- DIRECTIONS -
Would you restate the listing word for word, with the images omitted?

··· SOURCE MATERIAL

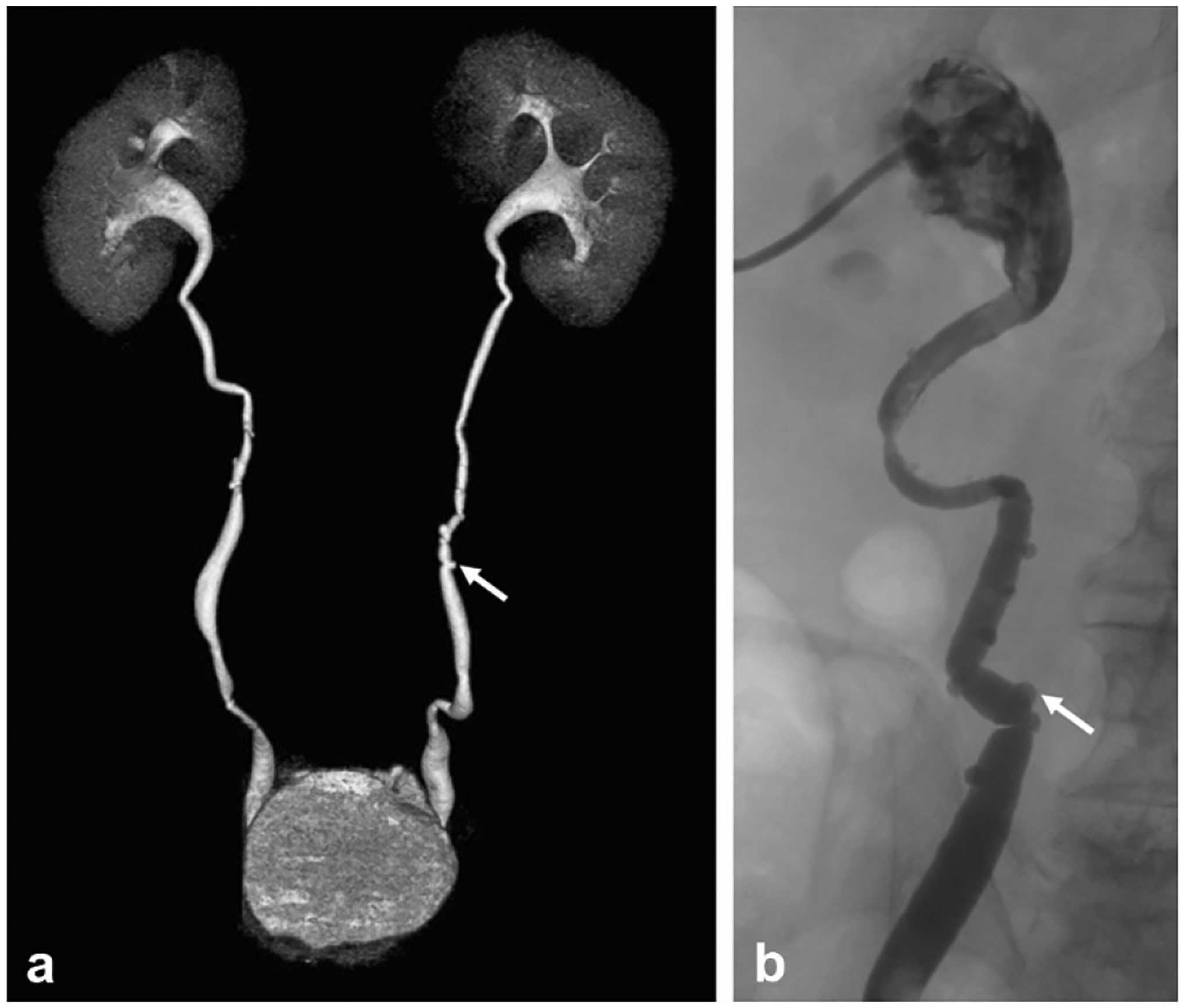 Fig. 16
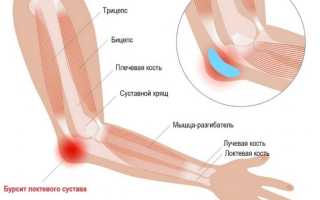 Почему болит локоть – симптомы заболеваний локтевого сустава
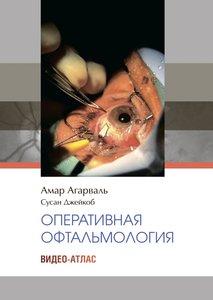 Видео атлас офтальмологических операций
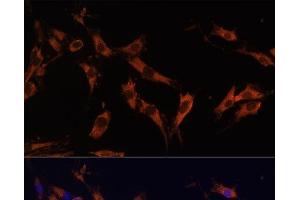 Immunofluorescence analysis of C6 cells using KSR1 Polyclonal Antibody at dilution of 1:100 (40x lens). (KSR1 抗体)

······

- RESPONSE TO THE TASK -
 Fig. 16
 Почему болит локоть – симптомы заболеваний локтевого сустава
 Видео атлас офтальмологических операций
 Immunofluorescence analysis of C6 cells using KSR1 Polyclonal Antibody at dilution of 1:100 (40x lens). (KSR1 抗体)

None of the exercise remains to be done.